Q. High school and/or college
A. I went to a few schools. The last of them was Brislington Comprehensive in south Bristol. Eventually, I went to Leeds University
Q. Name of your favorite composer or music artist?
A. For good or ill, the Cure were the soundtrack to most of my life. So were the Chameleons. I still listen to music every day, but the ferocity of my raw devotion to these bands could never be recaptured - and nor should it.
Q. Favorite movie
A. The Exorcist, Jaws, the Indiana Jones movies, the Bourne Supremacy
Q. Favorite television show
A. David Tenant's Dr Who is the best television show in the world - and I should know, I watch more TV than could possibly be good for me. I tried to resist saying the Wire because God knows I'm bored of hearing writers extol it. I'm not keen to add to their number, but in this case, they're right; the Wire is outstanding. In the interests of balance, I should add that I love America's Next Top Model, Project Runway and Top Chef.

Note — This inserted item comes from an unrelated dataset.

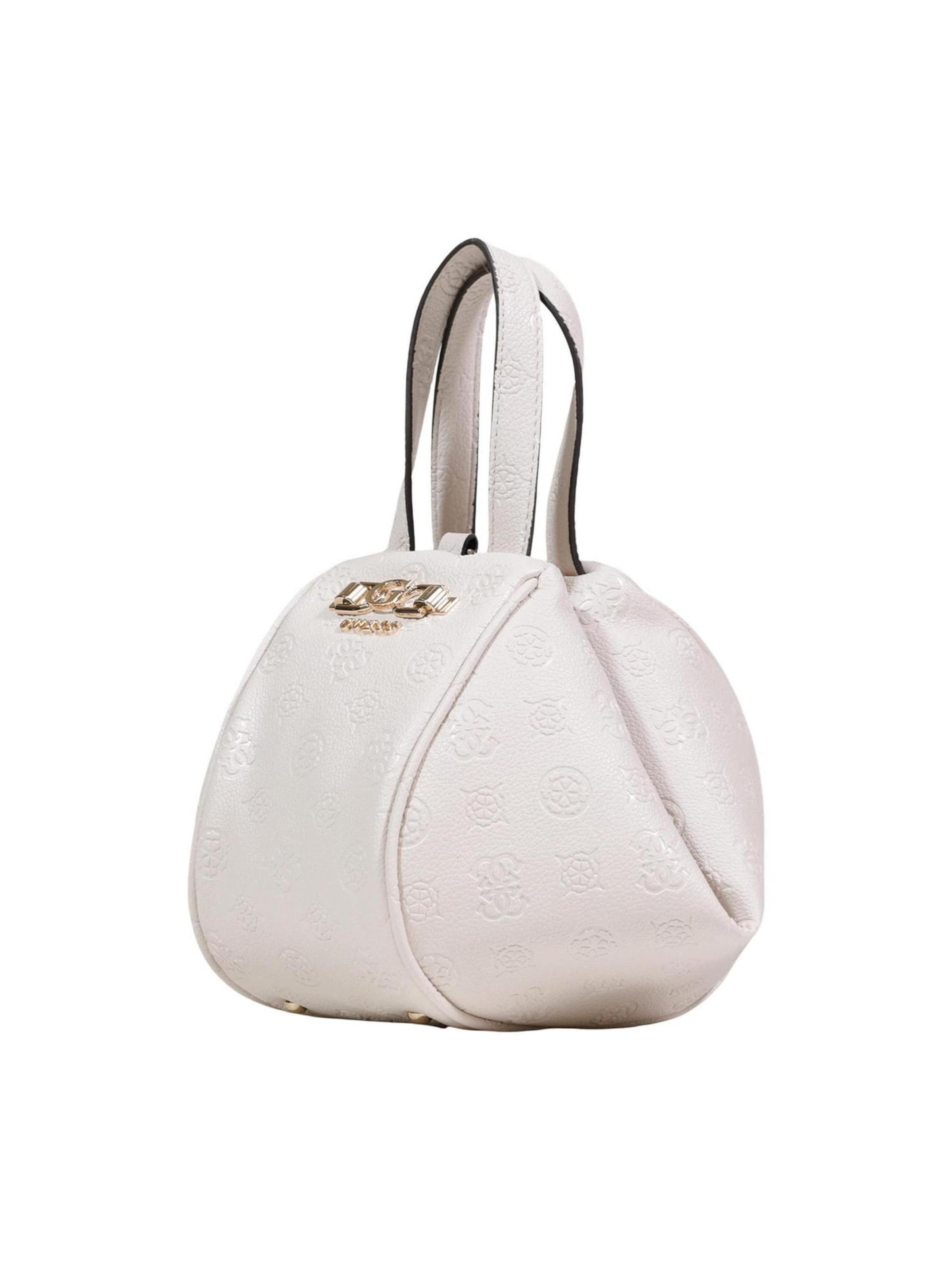 Borsa a spalla 'ANISE TOP HANDLE POUCH HWPD99 16770' di GUESS in rosa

Q. How would you describe your life in only 8 words?
A. The life I dreamed of, with less sleep.
Q. What is your motto or maxim?
A. I can't imagine ever being in a position where I might need one, or could use one without looking like an imbecile. "A guilty conscience needs to confess," you say. "A work of art is a confession." You think you sound like Dorothy Parker, but actually you sound like the windy old buffoon you so patently are. I wouldn't mind having my own catchphrase, though, if I could only think of one that wouldn't get on my family's nerves after about five minutes. So it would probably be - "I'll put the kettle on, shall I?", or; "Yes, you can play on the Wii."
Q. How would you describe perfect happiness?
A. Being at home, together with my wife and my sons on a day when I've written well and there's something really good on TV.
Q. What’s your greatest fear?
A. Exactly the same as everyone else's.
Q. If you could be anywhere in the world right now, where would you choose to be?
A. At home on a sunny day, writing well.
Q. With whom in history do you most identify?
A. That's a dangerous game to start playing. I don't identify with (or even slightly resemble) any of my many heroes. It worries me that, because I've never had cause to be brave, I might lack the capacity. So I most identify with the scum and the cowards, fearing that, but for an accident of history, I'd be walking amongst them.
Q. Which living person do you most admire?
A. Dr Who
Q. What are your most overused words or phrases?
A. "tea", "cup", "kettle" and "that bloody dog."
Q. What do you regret most?
A. In order for me to be right here, right now, everything that ever happened had to happen exactly the way it happened. Change one factor, change everything. That's not New Age balderdash, it's chaos theory - it's life. I very much like where I am now, so how can I regret anything?
Q. If you could acquire any talent, what would it be?
A. The ability to touch type. The ability to draw, paint, sing, play a musical instrument, fix things, make things. But the fact that I never bothered to learn a single one of these things would appear to indicate that, really, I'm not that interested in any of them.
Q. What’s your greatest flaw?
A. The constant fear of loss and the sense of time slipping away.
Q. If you could be any person or thing, who or what would it be?
A. Me, for all that.
Q. Who is your favorite fictional hero?
A. Yossarian, Indiana Jones, David Tenant's Dr Who.
On Books and Writing
Q. Who are your favorite authors?
A. Patricia Highsmith, Raymond Carver, Joseph Heller, Paul Theroux, Graham Greene, Angela Carter, Stephen King, Elmore Leonard, Michael Connelly, Anne Tyler.
Q. Is there a book you love to reread?
A. I re-read Raymond Carver every year, with undiminished awe.
Q. Do you have one sentence of advice for new writers?
A. It's a truism because it's true: writing is re-writing.
Q. What comment do you hear most often from your readers?
A. How can someone so normal write such disturbing stories?
Q. How did you come to write Burial?
A. I wanted to write about the corrosive intensity of guilt, and I wanted to write something like a ghost story. Mostly, I just wanted to write the kind of book I wanted to read.